Wednesday, April 30, 2008

HIDDEN by Pete

someone's hidden my beef'n'cheddar from Arby's!!! Who's done this monstrocity? This is this highest of all offenses! And, where the hell are my loaded potato poppers?! You will pay B'n'C theif...You will pay!!!

HIDDEN by Jamie

hidden under the tree lies my secret box. i have lots and lots of special things in there. i have the pink sticker mommy got my for my birthday. i have a piece of candy i took from ms. mandy's desk when she wasn't looking. mommy and daddy don't know about it. so don't tell them. i dug under the tree for a long long time and then i put the box in there and then i covered it up with dirt. shhhh make sure you don't tell.

Tuesday, April 29, 2008

SOOTHE by Jamie

I couldn't soothe the child. hysterical and red faced, she sat there screaming, eyes squeezed shut, hand grasped tight around my own. little beads of sweat formed at the base of her hair line and trickled slowly down her face, mixing with her tears.

SOOTHE by Pete

to soothe the fact that I just lost $88 in 25mins on bodog, I'm planning on jumping out my window. That or just throwing this fucking computer out. This is pretty standard, though. I finally start building back up and, bang! LOSE, LOSE, LOSE. All with hands against shit and I'm back to the street.

Monday, April 28, 2008

SENTENCE by Jamie

Isn't language weird? i mean how many different languages exist on this earth? and they are all, nothing but a jumbled assortment of noises, no one even pays attention to the words that are spoken, nor do we ever think about actually speaking, it just comes out. and sometimes, this is not a good thing.

SENTENCE by Pete

my sentence was 25 yrs. It was for murder. That's right! Murder! All because I killed that banana split from Dairy Queen...not F'n Twisty Treat! I HATE Twisty Treat. They are next as soon as I get my dessert parole.

Sunday, April 27, 2008

UNION by Pete

the state of the union is strong. stronger now than it was 8 yrs ago. The economy is on its way up, unemployment is down and jobs are being created.

What is...something John McCain might say?

Correct!

I'll take economics for $800, Alec.

Saturday, April 26, 2008

COMPLETE hair, you're welcome! by pete F-U!

i wish i was complete hair, like an italian ape, goldon retriever, stallone. if I was, i could own, like hair club 4 men in summer on the shores of Jersesy...why does this sentence have to end? FUCK YOU! it doesn't, ya a carpet chested baboon curtain. how's that banana and the drape manufacturing industry? Look what the cat dragged in, poison.  every rose has its thorn and if ya rub it the wrong direction you'll get the crap. Yes, you ARE a clown to me, undo another button, FUCK!

EVENT by Pete

in the event of a cheese eating contest, start with all sharp cheeses and work your way down to mild. Begin with the most deep yellow of cheeses and head to the lighter and most often crumbliest, ie. work from sharp cheddar to gorgonzola.

Friday, April 25, 2008

EVENT by Jamie

it was the last event of the evening, and it would end up being the most surprising. everyone was in their seats, legs crossed, and patiently waiting. and soon enough, we saw him appear, and watched as he took his time climbing the stairs. silence covered the room, we had all been waiting to hear his response.

eh that was pretty dumb

Raw by Whitney

beef. cow. ribs, steak... meat meat meat. slaughter house, electric cow prods. Like the one my dad was almost killed with when he was little. Way to go gramps. Taking out the kids one by one. bastard. burn in hell.

Thursday, April 24, 2008

RAW by Pete

I was eating raw steaks with m'buddy, Sam and we decided that Homer mouth isn't as bad as it may seem at first sight. Although, it is definitely prominent, it certainly isn't too beefy.

RAW

my skin has gone raw. i've been in this dark, damp hole, for I don't even know how long. it's wet down here. and it's stinks. i've given up on crying for help, no one is here to help me, i'm all alone.

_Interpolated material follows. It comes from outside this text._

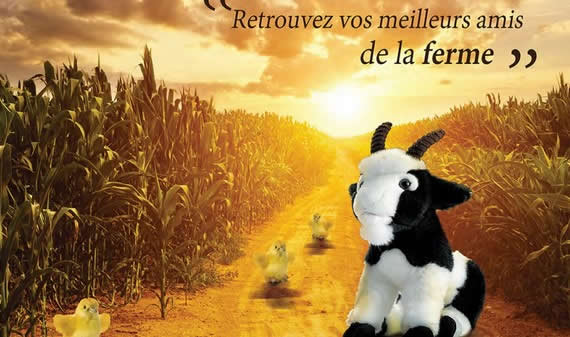 image de la Collection 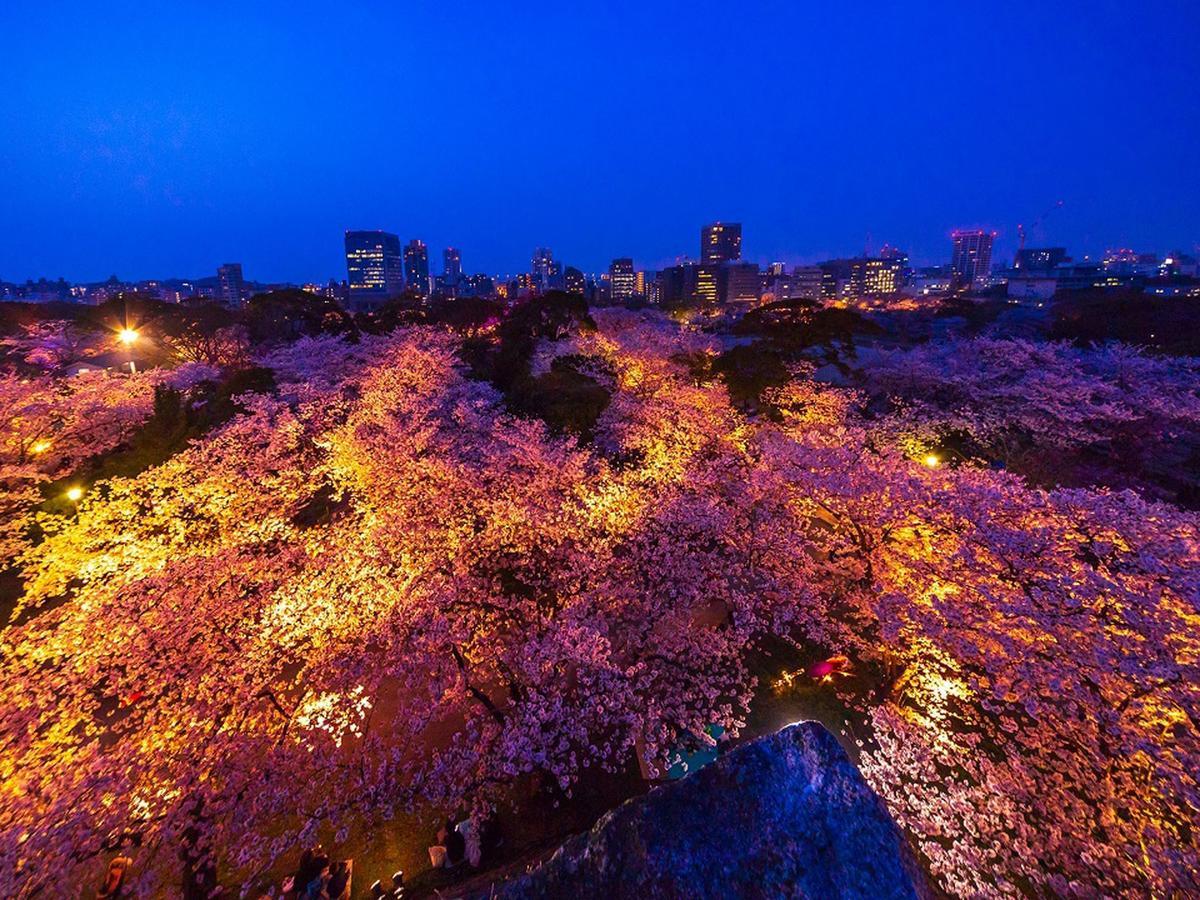 Hotel Wbf Grande Hakata Fukuoka  Eksteriør bilde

yikes, i don't know what that's about, something about the word "raw" made me feel all silence of the lamb-ish.


Wednesday, April 23, 2008

SITTING

A girl sits in the chair of a doctors office, and nervously winds the loose string from her shirt around her fingers. She should feel more prepared for this but, her nerves have taken over. Just as she closes her eyes to try and relax herself the assistant calls out her name.

CLIMB

Once when I was little I climbed to the top of the highest tree in my backyard. This tree was always my favorite, for it was the most challenging, yet most rewarding climb. I had gotten close to the top before, but never had I made it all the way up. I started by placing my right foot on the wood plank my Dad and I nailed to the tree for a step, and whipped my body up towards the nearest branch. After going through all the familiar motions I got to my usual stopping point. You see, my legs had never really been long enough to reach the next branch.